Par Jeune Afrique avec AFP

Vue de la frontière entre la Tunisie et la Libye, à côté de Ben Guerdane, dans le sud-est de la Tunisie, le 6 février 2016. © Benjamin Wiacek/AP/SIPA

Des heurts ont à nouveau éclaté ce jeudi entre manifestants et policiers à Ben Guerdane dans le sud-est de la Tunisie. Le gouvernement a affirmé "gérer la situation" dans cette région en proie à de vives tensions sociales, liées notamment au passage des marchandises avec la Libye voisine.

Selon plusieurs témoignages recueillis par l’AFP, des manifestations suivies d’échauffourées ont de nouveau eu lieu jeudi 12 janvier, après une grève générale observée dans la journée, à Ben Guerdane, à la frontière libyenne. Les manifestants auraient lancé des pierres sur les forces de l’ordre, lesquelles auraient riposté en lançant des grenades lacrymogènes.

Des heurts similaires avaient déjà eu lieu mercredi 11 janvier dans cette région proche du point de passage de Ras Jedir.

Selon un responsable local du syndicat UGTT, Mohsen Lachiheb, les revendications des manifestants portent principalement sur « l’application d’une convention signée il y a une dizaine de jours entre deux commissions tuniso-libyennes pour déterminer le poids et la valeur des marchandises autorisées » à franchir la frontière.

Discussions tuniso-libyennes

Afin d’apaiser la tension sociale dans cette zone, les autorités tunisiennes se sont entretenues jeudi 12 janvier avec des représentants libyens au ministère des Affaires étrangères à Tunis, selon le porte-parole du gouvernement Iyed Dahmani.

« Nous suivons minutieusement la situation […]. Il y a le problème de la frontière du côté libyen et on est en train de gérer la situation », a renchéri le Premier ministre Youssef Chahed sur la radio Mosaïque FM.

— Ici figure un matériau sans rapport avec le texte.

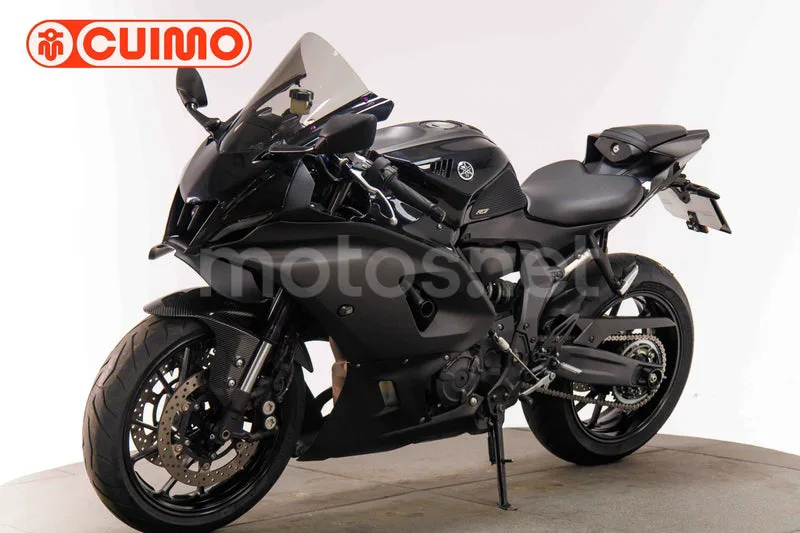 Yamaha YZF-R7 - Vista 9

D’après l’AFP, une délégation ministérielle doit se rendre à Ben Guerdane vendredi pour poursuivre des discussions, mais pour l’heure, aucune information n’a filtré sur la teneur des discussions tuniso-libyennes.

Frontière sous haute surveillance

Les autorités tunisiennes font valoir la difficulté de négocier avec la Libye, en raison du chaos politique prévalant dans ce pays. Après une longue paralysie du commerce transfrontalier marquée par des manifestations et une grève générale à Ben Guerdane, un précédent accord prévoyant l’instauration d’un nouveau régime douanier avait été signé en mai 2016.

Dans le sud-est de la Tunisie, où la contrebande est monnaie courante, la tension est vive depuis plusieurs mois, une partie de la population estimant être délaissée par le pouvoir central.

Les deux pays partagent quelque 500 km de frontière, essentiellement désertiques. La zone est sous haute surveillance sécuritaire, du fait du chaos sécuritaire et notamment de la présence de groupes jihadistes en Libye. En mars 2016, Ben Guerdane avait ainsi été la cible d’attaques simultanées attribuées à un groupe terroriste venu de Libye.